Start of RECORDED DATA
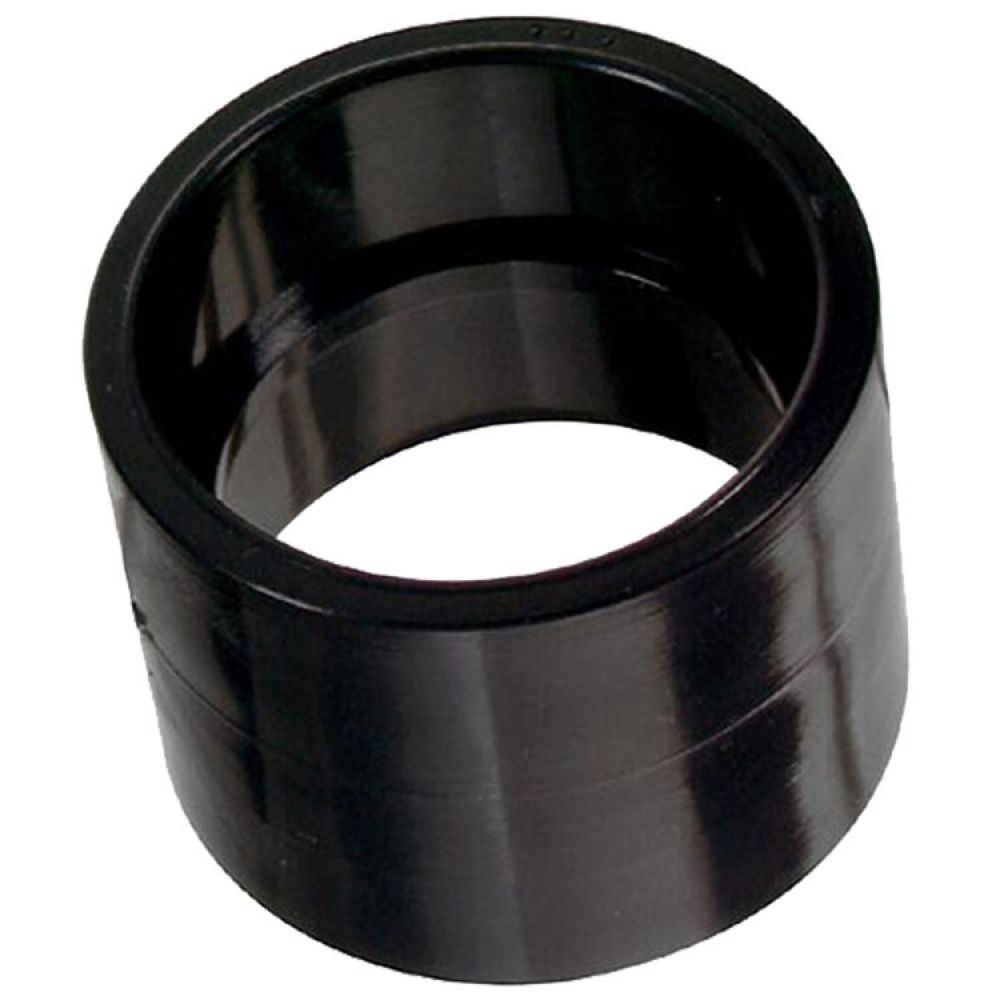 2" ABS DWV (Drain Waste and Vent) Coupling - Hub x Hub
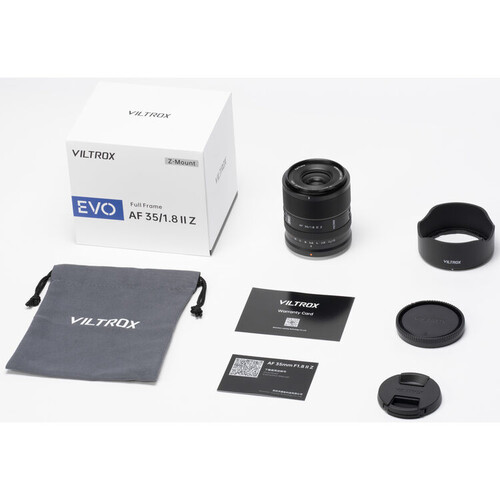 Viltrox 35mm f/1.8 II EVO Lens (Nikon Z)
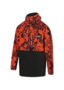 Ridgeline Tusk Fleece Top (Blaze/Black)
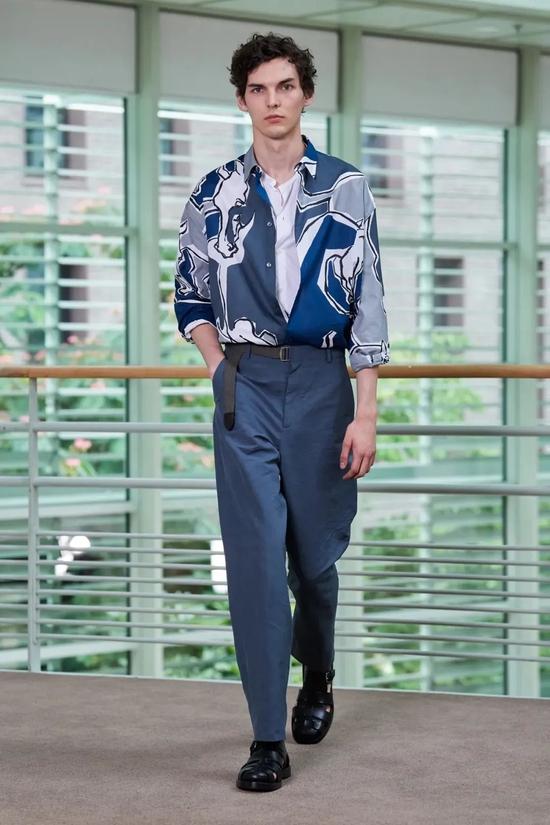 Hermès 2021春夏男装系列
End of RECORDED DATA
TASK GOAL: Extract the run of lines from the line holding "Ridgeline Tusk Fleece Top (Blaze/Black)" through the final line of the material above, exactly and inclusively. Leave the pictures behind.

THE ANSWER:
 Ridgeline Tusk Fleece Top (Blaze/Black)
 Hermès 2021春夏男装系列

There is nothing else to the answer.